No, Jeff Foxworthy did not write these.

1. If you refine heroin for a living, but you have a moral objection to liquor, you may be a Muslim.

2. If you own a $3,000 machine gun and a $5,000 rocket launcher, but can’t afford shoes, you may be a Muslim.

3. If you have more wives than teeth,  you may be a Muslim.

4. If you wipe your butt with your bare hand but think bacon unclean, you may be a Muslim.

5. If you think vests come only in two styles:  “Bullet-Proof” and “Suicide” you may be a Muslim.

6. If your wife is jealous of your goat, you may be a Muslim.

7.  If your wife is in the third grade, you may be a Muslim.

8.  If you have never owned a roll of toilet paper, you may be a Muslim.

9.  If you’re Boss lives in Guantanamo, you may be a Muslim.

10. If you consider television dangerous but  keep explosives in your kitchen, you may be a Muslim.

11. If you have 20 cell phones but have never made a phone call, you may be a Muslim.

12. If you have nothing against women and think every man should own at least four, you may be a Muslim.

13.  If you’ve ever lied to a Christian, you may be a Muslim.
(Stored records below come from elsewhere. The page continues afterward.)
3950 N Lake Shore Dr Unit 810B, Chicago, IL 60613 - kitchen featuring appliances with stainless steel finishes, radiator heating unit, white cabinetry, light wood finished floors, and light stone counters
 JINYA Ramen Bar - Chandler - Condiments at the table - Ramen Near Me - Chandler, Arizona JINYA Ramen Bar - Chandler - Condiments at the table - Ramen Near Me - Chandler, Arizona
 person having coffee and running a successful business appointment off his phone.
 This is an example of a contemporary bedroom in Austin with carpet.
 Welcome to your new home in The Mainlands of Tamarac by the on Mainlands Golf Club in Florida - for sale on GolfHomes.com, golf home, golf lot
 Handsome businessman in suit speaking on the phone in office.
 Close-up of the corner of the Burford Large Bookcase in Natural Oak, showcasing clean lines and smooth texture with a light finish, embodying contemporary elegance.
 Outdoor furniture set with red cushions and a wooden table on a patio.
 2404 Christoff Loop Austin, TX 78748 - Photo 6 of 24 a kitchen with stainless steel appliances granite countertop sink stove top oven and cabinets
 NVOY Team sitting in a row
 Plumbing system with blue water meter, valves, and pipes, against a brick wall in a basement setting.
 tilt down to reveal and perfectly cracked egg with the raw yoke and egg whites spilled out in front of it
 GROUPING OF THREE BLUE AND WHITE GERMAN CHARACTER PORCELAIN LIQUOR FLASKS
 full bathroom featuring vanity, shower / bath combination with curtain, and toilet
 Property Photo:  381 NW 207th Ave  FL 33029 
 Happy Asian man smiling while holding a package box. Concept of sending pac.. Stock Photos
14. If your kid has ever blown themselves up, you may be a Muslim.

15. If you have ever had to stone a daughter, you may be a Muslim.

16.  If you murder homosexuals but like to hold your Buddy’s hand, you may be a Muslim.

17.  If you have eaten goat roasted over an open fire and felt bad because you miss her, you may be a Muslim.

18.  If you’ve stopped to pray while gassing up your truck, you may be a Muslim.

19.  If you’ve ever had your house blown up by a drone, you may be a Muslim.

20.  If you find this offensive and won’t share it, you may be a Muslim.